[Dataset entries]
▶

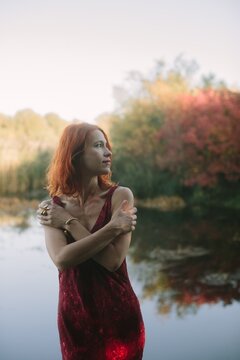 Woman with red hair enjoying autumn nature reflecting in water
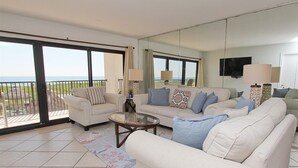 Ein geräumiges Wohnzimmer mit Balkon, ausgestattet mit zwei Sofas, einem Couchtisch und Lampen.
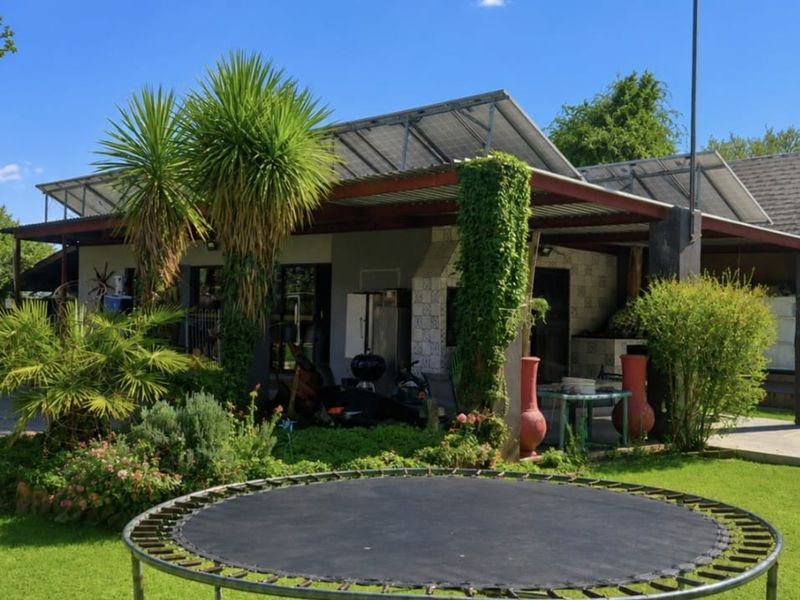 A covered outdoor patio area featuring a built-in braai and roof-mounted solar panels, overlooking a garden space.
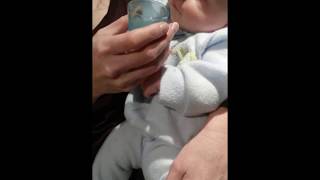 drinking breast milk from a shot glass at 2 months old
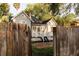 Charming home with landscaped yard, brick patio, and wooden fence at 911 S Oak Ave, Sanford, FL 32771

◀

YOUR ASSIGNMENT: The records above should be repeated exactly, with every picture omitted.

ANSWER TO THIS TASK:
 Woman with red hair enjoying autumn nature reflecting in water
 Ein geräumiges Wohnzimmer mit Balkon, ausgestattet mit zwei Sofas, einem Couchtisch und Lampen.
 A covered outdoor patio area featuring a built-in braai and roof-mounted solar panels, overlooking a garden space.
 drinking breast milk from a shot glass at 2 months old
 Charming home with landscaped yard, brick patio, and wooden fence at 911 S Oak Ave, Sanford, FL 32771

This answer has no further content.